The No. 1 and No. 2 reactors at Fukui Prefecture's Oi nuclear power plant are the most dangerous in Japan, according to a cross-party group of lawmakers opposed to nuclear power.
Genpatsu Zero no Kai (Group for zero nuclear power), made up of nine politicians from seven political parties, ranked the threat posed by the nation's 50 reactors on a 10-point scale.
Oi's two oldest reactors, which are more than 30 years old and located on fault lines that some scientists say may be active, were considered more dangerous than reactors at the Fukushima No. 1, Fukushima No. 2 and Onagawa nuclear plants, which sustained damage from the Great East Japan Earthquake in March last year.
The No. 1 and No. 2 reactors at Oi are currently offline and there are no immediate plans to restart them. The No. 3 and No. 4 reactors at the plant, which have been in service for 20 years or less, are due to be restarted in July.
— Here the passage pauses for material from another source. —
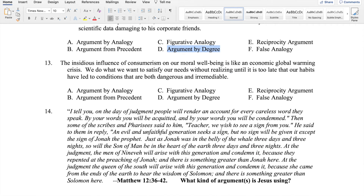Number fourteen: The insidious influence of consumerism on our moral well-being is like an economic global warming crisis. We do what we want to satisfy our needs without realizing until it is too late that our habits have led to conditions that are both dangerous and irremediable. The clue here is 'is like an economic global warming' — 'economic global warming' functions as a metaphor, tipping us off that this is a figurative analogy. We're not talking about literal global warming but using that image to illustrate the concept of consumerism.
The lawmakers' group, which includes Shoichi Kondo of the ruling Democratic Party of Japan, Taro Kono of the main opposition Liberal Democratic Party and Tomoko Abe of the Social Democratic Party, plans to campaign for a staged scrapping of nuclear reactors according to the risks they pose, similar to the policy adopted by Germany.
The group ranked the danger posed by the reactors in Japan, taking into account the reactor type, containment vessel type, years in service, average utilization rate, the number of past accidents, the reactor's ductile-brittle transition temperature (the threshold temperature at which the metal used in its construction loses its ductility), seismological safety precautions, ground conditions and the size of the local population.
The group will call for the decommissioning of reactors that ranked high in their rating, as well as reactors at the Fukushima No. 1, Fukushima No. 2 and Onagawa nuclear plants; the Kashiwazaki-Kariwa nuclear plant, which was damaged by the Niigata Chuetsu-oki Earthquake of July 2007; and the Hamaoka nuclear plant, where operations were stopped in May 2011 at the request of Naoto Kan, who was prime minister at the time of the nuclear disaster.
In evaluating the hazard levels, the group sought advice from expert members of the Fundamental Issues Subcommittee of the government's Advisory Committee for Natural Resources and Energy.
An official release of the ranking table was scheduled for June 28.
The group on June 27 released a policy recommendation for the decommissioning of nuclear reactors, calling for legislative measures and assistance to local communities that host nuclear plants. A final recommendation is expected next month.